In summary, we can distinguish between the following three forms of enumerations:
simple enumerations define a list of self-explanatory enumeration labels;
code lists define a list of code/label pairs.
record enumerations consist of a list of records, so they are defined like classes with simple attributes defining the record fields.
These three forms of enumerations are discussed in more detail below.
Notice that, since enumerations are used as the range of enumeration attributes, they are considered to be datatypes.
Enumerations may have further features. For instance, we may want to be able to define a new enumeration by extending an existing enumeration. In programming languages and in other computational languages, enumerations are implemented with different features in different ways. See also the Wikipedia article on enumerations.
A simple enumeration defines a
fixed list of self-explanatory enumeration labels, like in the example
of a GenderEL
enumeration shown in the following UML class
diagram:
Since the labels of a simple enumeration are being used, in
capitalized form, as the names of the corresponding enumeration literals
(GenderEL.MALE
, GenderEL.FEMALE
, etc.), we may
also list the (all upper case) enumeration literals in the UML
enumeration datatype, instead of the corresponding (lower or mixed case)
enumeration labels.
A code list is an enumeration that defines a fixed list of code/label pairs. Unfortunately, the UML concept of an enumeration datatype does not support the distinction between codes as enumeration literals and their labels. For defining both codes and labels in a UML class diagram in the form of an enumeration datatype, we may use the attribute compartment of the data type rectangle and use the codes as attribute names defining the enumeration literals, and set their initial values to the corresponding label. This approach results in a visual representation as in the following diagram:
In the case of a code list, we can use both the codes or the
labels as the names of enumeration literals, but using the codes seems
preferable for brevity (GenderEL.M
,
GenderEL.F
, etc.). For displaying the value of an
enumeration attribute, it's an option to show not only the label, but
also the code, like "male (M)", provided that there is sufficient space.
If space is an issue, only the code can be shown.
A record enumeration defines a record type with a unique field designated to provide the enumeration literals, and a fixed list of records of that type. In general, a record type is defined by a set of field definitions (in the form of primitive datatype attributes), such that one of the unique fields is defined to be the enumeration literal field, and a set of operation definitions.

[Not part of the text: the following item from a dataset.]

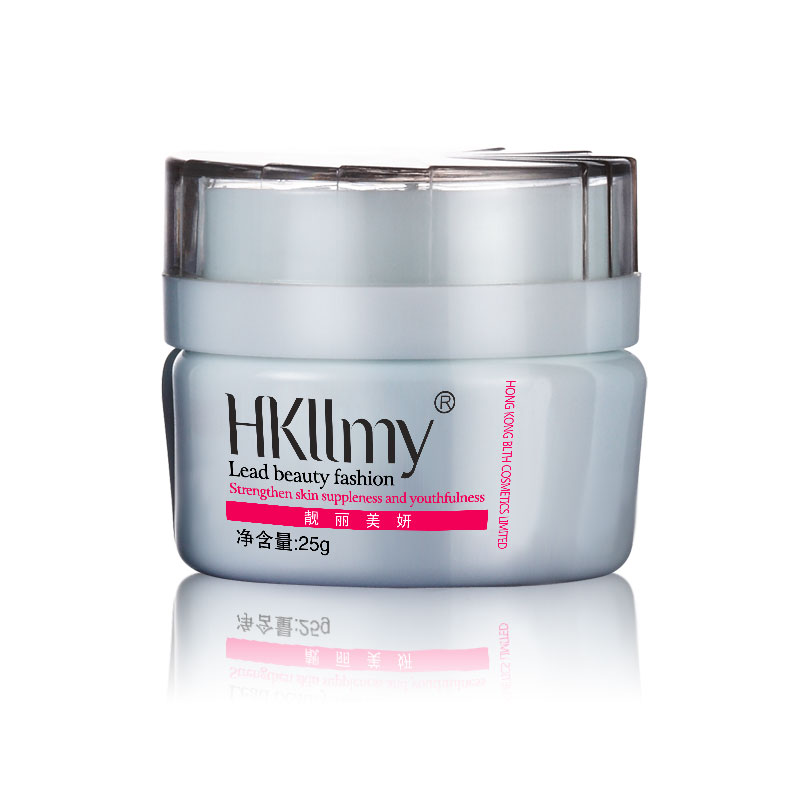 提亮滋养滋养晚霜遮瑕隔离霜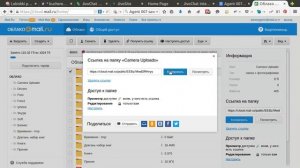 Как дать доступ на папку в облаке mail.ru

Unfortunately, record enumerations, as the most general form of an enumeration datatype, are not supported by the current version of UML (2.5) where the general form of an enumeration is defined as a special kind of datatype (with optional field and operation definitions) having an additional list of unique strings as enumeration literals (shown in a fourth compartment). The UML definition does neither allow designating one of the unique fields as the enumeration literal field, nor does it allow populating an enumeration with records.
Consequently, for showing a record enumeration in a UML class diagram, we need to find a workaround. For instance, if our modeling tool allows adding a drawing, we could draw a rectangle with four compartments, such that the first three of them correspond to the name, properties and operations compartments of a datatype rectangle, and the fourth one is a table with the names of properties/fields defined in the second compartment as column headers, as shown in the following figure.
UnitEL | ||
---|---|---|
«el» unitSymbol: String unitName: String dimension: String |
||
Unit Symbol | Unit Name | Dimension |
m | meter | length |
kg | kilogram | mass |
g | gram | mass |
s | second | time |
ms | millisecond | time |
There may be cases of enumerations that need to be extensible, that is, it must be possible to extend their list of enumeration values (labels or code/label pairs) by adding a new one. This can be expressed in a class diagram by appending an ellipsis to the list of enumeration values, as shown in Figure 10.1.
Since enumeration values are internally represented by enumeration literals, which are normally stored as plain positive integers in a database, a new enumeration value can only be added at the end of the value list such that it can be assigned a new index integer without re-assigning the indexes of other enumeration values. Otherwise, the mapping of enumeration indexes to corresponding enumeration values would not be preserved.
Alternatively, if new enumeration values have to be inserted in-between other enumeration values, and their indexes re-assigned, this implies that
enumeration indexes are plain sequence numbers and do no longer identify an enumeration value;
the value of an enumeration literal can no longer be an enumeration index, but rather has to be an identifying string: preferably the enumeration code in the case of a code list, or the enumeration label, otherwise.
.